Using var_arg to pass parameters for function calls

I am writing an adapter to combine two APIs (one in C and another in C++).
If a function is called on the one API I need to pass the callers ID and the function's arguments to an adapter and call the according function with this information passed.
Now aparently they can not be mapped directly as one interface requires C++ compilation and the name mangling would screw the other so that is why I am using a set of adapters in the first place.
As the number of arguments varies, I looked up variadic functions and found the idea pretty useful, however I am operating on POD only and have to deal with structs, enums and a lot of different arguments per call, which might need to be put back into a struct before feeding it to the target function.
Every example I stumbled upon was far simpler and involved mostly arithmetic operations like summing stuff up , finding largest numbers or printing. Mostly done with for loops on the var_list.
Maybe I got stuck on the idea and it won't work at all, but I am just curious...

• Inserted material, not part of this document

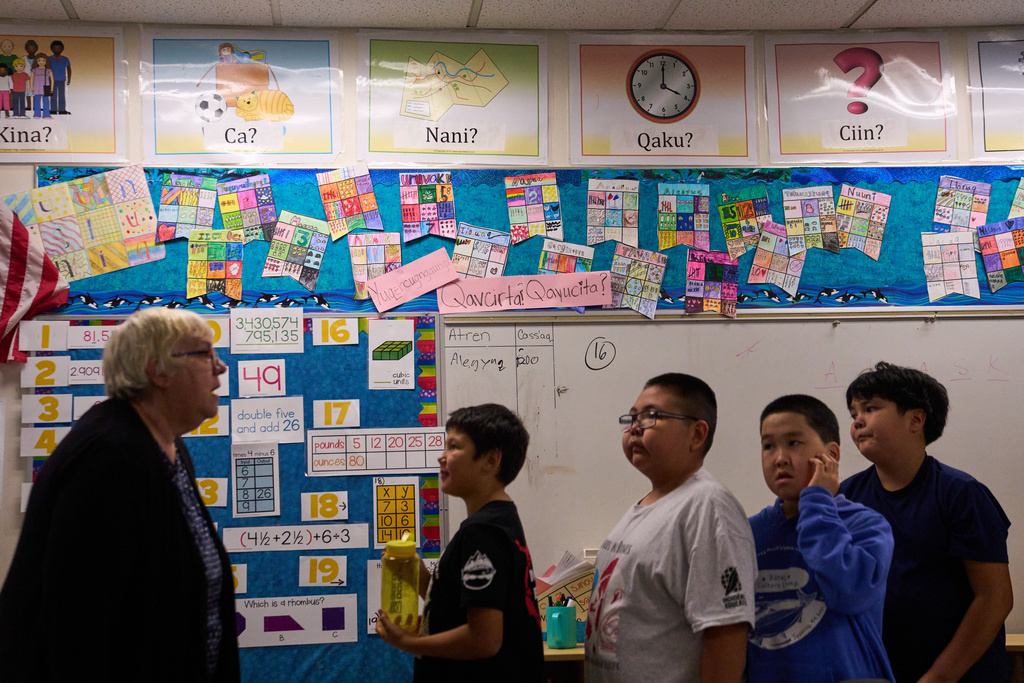 Signs in the Yup'ik language are seen on the walls as students line up to leave a classroom at College Gate Elementary, where students spend half their time learning in Yup'ik language immersion, Thursday, Oct. 30, 2025, in Anchorage, Alaska. (AP Photo/Lindsey Wasson)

Say I wanted to assign the arguments from the list to my target functions parameters (the order of the arguments passed is the correct one), what would be a good way?
BOOL Some_Function(
/* in */ CallerId *pObjectId,
/* in */ someDataType argument1 )
{
BOOL ret = Adapter_Call(pFunction, pObjectId, argument1);
return ret;
}
and so once I made it to the right adapter I want to do
BOOL Adapter_Call(*pFunction, *pObjectId, argument1, ...)
{
va_list args;
va_start(args, argument1);
/*go over list and do `var_list[i] = pFunctionArgList[i]` which is
of whatever type so I can use it as input for my function */
va_end(args);
pObjectId.pFunction(arg1,...,argn);
}
Can I access the input parameters of a function to perform assignments like this?
Has anyone done something like this before? Is there a conceptual mistake in my thinking?

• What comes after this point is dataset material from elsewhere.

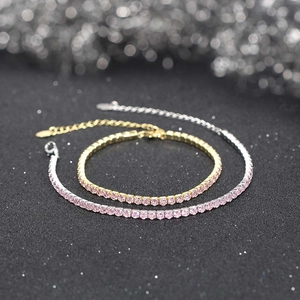 Macro shot of silver and gold tennis bracelets featuring round pink zircon stones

All I found on the net was this, http://www.drdobbs.com/cpp/extracting-function-parameter-and-return/240000586but due to the use of templates I am not sure if it wouldn't create another problem and so in the end implementing an adapter for each and every single functioncall may be simpler to do.
A SO search only returned this: Dynamic function calls at runtime (va_list)
First, you should heed Kerrek's advice about extern "C". This is C++'s mechanism for giving an identifier C linkage, meaning that the name won't be mangled by the C++ compiler.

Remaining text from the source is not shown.